Issue with model weights and input data type

Hello, thank you for publishing these codes. I have an issue which is related to my problem where I have trained a Keras model in TensorFlow 2.7 using float32 precision in order to have fast performance. Now I would like to continue the training using scipy L-BFGS-B optimizer using your codes.

In my code I first load the trained model (using ADAM optimizer) then I define a customized loss function, and then I compile the model with the customized loss function. When I run the model I got the following error

ValueError: failed to initialize intent(inout) array -- expected elsize=8 but got 4

The last error message is shown just after running one iteration of the scipy optimizer. I think it is related to the fact that my model weights are in float32 precision while my loss is in float64 precision.

Could you tell me how shall I solve this issue.

Info on alternate implementation of keras/scipy.optimize interface

Hi @pedro-r-marques,

Thanks very much for contributing this repo and sharing under MIT!
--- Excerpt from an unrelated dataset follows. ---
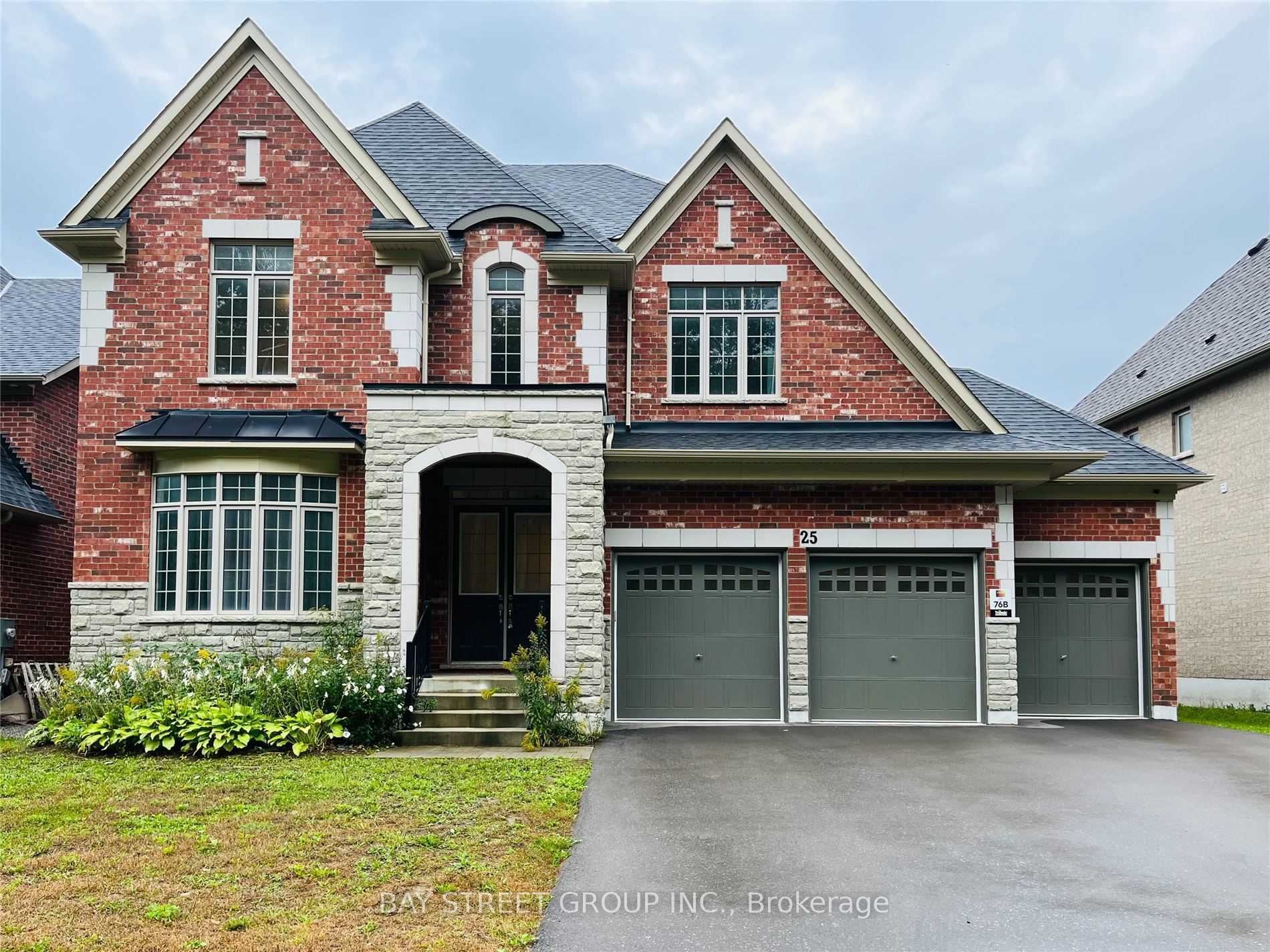 25 Mcisaac Drive, Springwater, ON L9X 2A2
I had a use case in which I wanted to use a scipy solver, and found this as part of my search. Unfortunately I wasn't able to use keras-opt, but I wanted to share my implementation of same interface, since I believe it has several improvements that increase the robustness and the problem size that may be solved.

`keras-opt` Issues Encountered

Model exceeded Memory Requirements

When training a (Rendle-type) factorization machine model on a dataset with 500k examples I ran into problems with both the keras-opt implementation and Pi-Yeuh Chuang's example; my python process exceeded the available memory on my laptop and was killed, even after adjusting the batch_size
I believe the root cause here is likely the way in which the gradients are computed w/r/t to batching of the training set:
- In keras-opt the tf.GradientTape() is registered outside of the loop over mini-batches of training data, cf (scipy_optimizer.py#L64)[https://github.com/pedro-r-marques/keras-opt/blob/master/keras_opt/scipy_optimizer.py#L64]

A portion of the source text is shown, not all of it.